June 30, 2020
A pair of studies offers new insights on a sometimes fatal COVID-19 complication the doctors began noticing among children in late April.
The studies identified almost 300 cases of children developing multisystem inflammation syndrome, or MIS-C, a condition that causes severe inflammation in multiple organ systems after contracting SARS-CoV-2. In most cases, the syndrome didn't develop until weeks after the infection.

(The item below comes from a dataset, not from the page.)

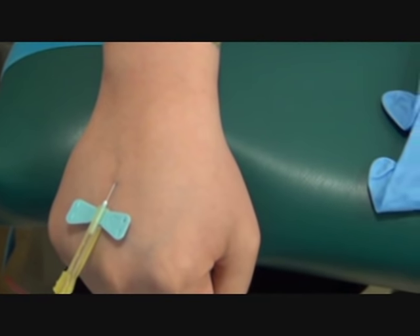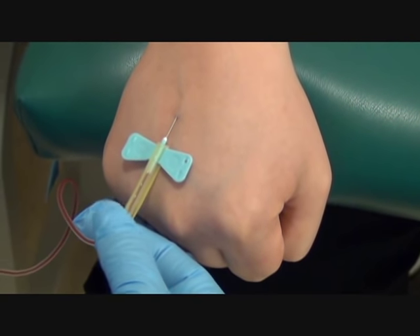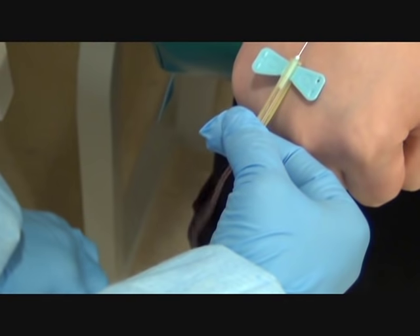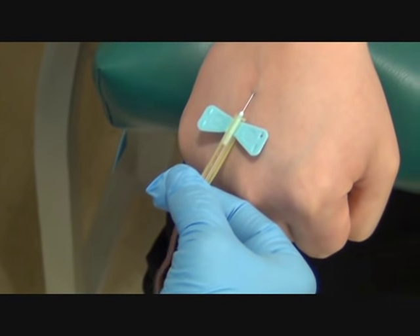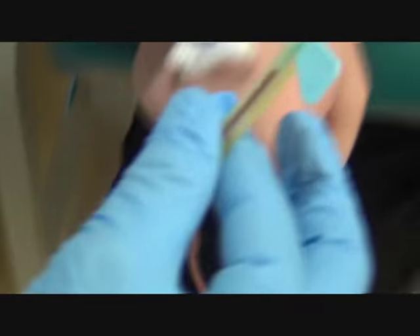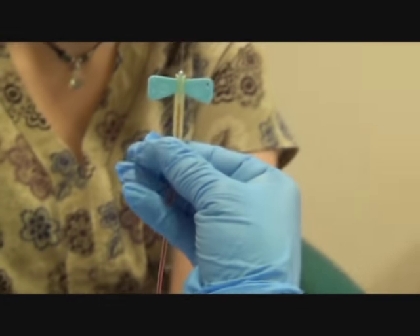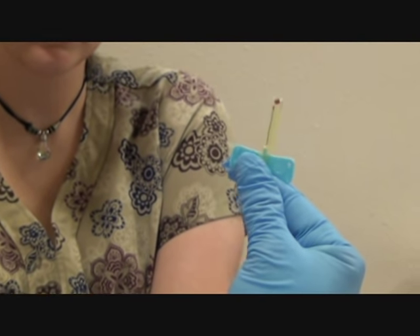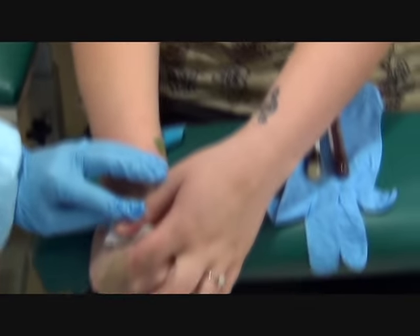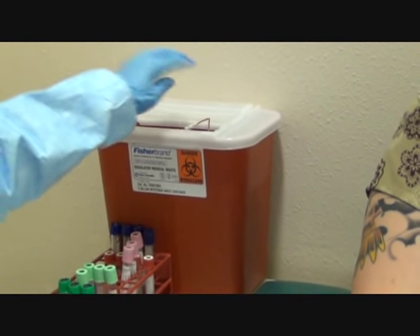Now I'm going to grab the base of this butterfly. I'm going to put down my hub. There's not enough space, so I have to just let it hang. And I'm going to pull out, apply pressure, and I want to wrap the tubing in my fingers. While I do that, I'm going to pull down and push up on the safety device, activating it. Please apply pressure. I'm going to discard the needle.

One of the studies, led by Boston Children's Hospital researchers, analyzed data from pediatric health centers across the United States. The researchers found that 80% of the children with MIS-C ended up in the intensive care unit and 20% needed mechanical ventilation. Four of the children died.
The second study, based on data collected by the New York State Department of Health, identified 99 children in the state's hospitals who developed the inflammatory syndrome. The percentages of those who needed intensive care and breathing support were similar to those found in the other study. Two of the children died.
The most common complications among the children included cardiovascular and clotting issues, gastrointestinal symptoms and skin rashes.
Though children generally haven't developed severe COVID-19, there have been reports from hotspots like New York City of kids developing an inflammatory condition similar to Kawasaki's disease, which is more frequently seen in children under 5.
In May, the U.S. Centers for Disease Control and Prevention asked doctors to be on the alert for cases of multisystem inflammatory syndrome in children.
Dr. Manish Patel, one of the authors of the Boston Children's Hospital study and a member of the CDC's COVID-19 response team, STAT News that parents should be vigilant for any fever and rash in children who recently had COVID-19.
"Fever, rash and I think especially in the setting of areas where you have a lot of coronavirus infections, SARS-CoV-2 infections – have a lower threshold for seeking care, I would say," Patel said.
Both studies were published in The New England Journal of Medicine.